In answering these questions, I think that most people would feel that there are some times when you do not drop a bomb on a relationship. Whether that’s right or wrong is one matter. But in the name of being considerate, perhaps decency dictates picking an appropriate time for ending a relationship whenever such a consideration is possible.
On that matter, we’re talking about a short story of course — this is a short-story website. I had a back and forth with fellow Indy-writer Lia Fairchild this week, therein discussing her eBook “Home for Christmas.” Described as a “holiday romance short” the story tells of two people who have “intertwined” fates, perhaps reminding literary fans out there of the famous “star-crossed lovers” Romeo and Juliet. One situation in the novel is the question of Christmas-time relationship-status changes. Would you drop the bomb on Christmas Day?
Fairchild’s publication features Ali and Stephen, two people in need of “a real Christmas miracle,” a miracle that will have to be on the romantic side. My back-and-forth with the other is below.

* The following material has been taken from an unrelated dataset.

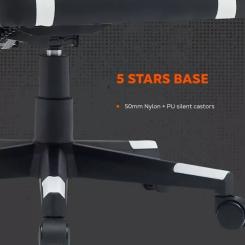 Кресло игровое Canyon Flow MCH01 Mesh Black/White Фото 10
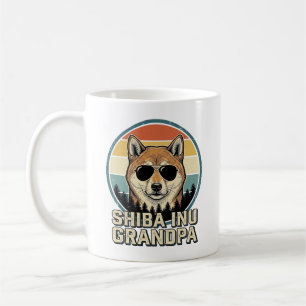 Vintage-Shiba-Inu-Opa-Hund-Shirt-Design_1 Kaffeetasse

Me, Shane Lambert: “Can we start with a technicality? The line between a short story and a novella is a blurry one. Amazon says your ‘Home for Christmas’ is 61 pages in length and it’s also in the 90-minute category for reading time. We are a short-website here at short-stories-online.com, would you call “Home for Christmas” a short story or novella? Did you start with a short story in mind but then found yourself wanting to carry on? Or did you just write it and stop when you felt it was complete?”
Lia Fairchild: “I just had an idea for a story and then started writing. But I knew it wouldn’t be a full-lengthed book. I actually still consider it a short story. Most authors I’ve talked to consider a novella to be at least 20,000 words.”
Me, Shane Lambert: “Okay. While avoiding plot spoilers, the Amazon reviews — which are generally positive — make it clear that “Home for Christmas” deals with relationships. When it comes to ending relationships, does your book explore this often difficult thing to do with a reference to the Christmas-time setting? It seems there would be a contrast between the joy of the season and the grief of loving in vain, of being rejected. Does this come up?”
Lia Fairchild: “Yes, there are various relationships starting and stopping for different reasons. Most of this I wouldn’t want to give specifics on as they are key surprises in the story. I can say that one of my characters grapples with ending a relationship during the holidays because it’s that much harder for both the person initiating and the person who doesn’t want to leave the relationship. However, it was less about rejection and more about facing the holidays alone, dealing with the questions from family.”
Me, Shane Lambert: “On the marketing side, as an author writing a holiday romance, do you face any challenges of keeping the momentum going when it comes to sustaining a constant readership? No one wants Hallowe’en stuff in November, they say, — I’m wondering if anyone wants a Christmas-time setting in their fiction reading after Christmas is over.”
Lia Fairchild: “It seems like the kind of eBook that would be popular at Christmas time but not so popular again after that and then not popular for most of the year. That’s true. I wasn’t worried about it as the story originated for a group anthology project and I now I typically just promote it during November and December.”
Me, Shane Lambert: “From reading the preview, it looks like you employ a third-person narrator? Is it omniscient as well? Which of your characters’ heads do you reveal the most about in the narration?”
Lia Fairchild: “Third person, yes. Omniscient, no. It’s a dual point-of-view swapping between a male and female character. I don’t like to head hop as a writer and I don’t like it as an editor either.”
Me, Shane Lambert: “Lastly, I know you are based in Southern California. Where is ‘Home for Christmas’ set?”
Lia Fairchild: “Oddly enough, I don’t remember. I wrote the story years ago and just wanted a wintery Christmas feel. I do have a few books set in Southern California, though.”
Me, Shane Lambert: “Well, I’ll assume it’s set where I live, here in the Canadian Rockies where we do get the wintery setting. Thank you for your time and I hope you continue to enjoy success with your writing career.”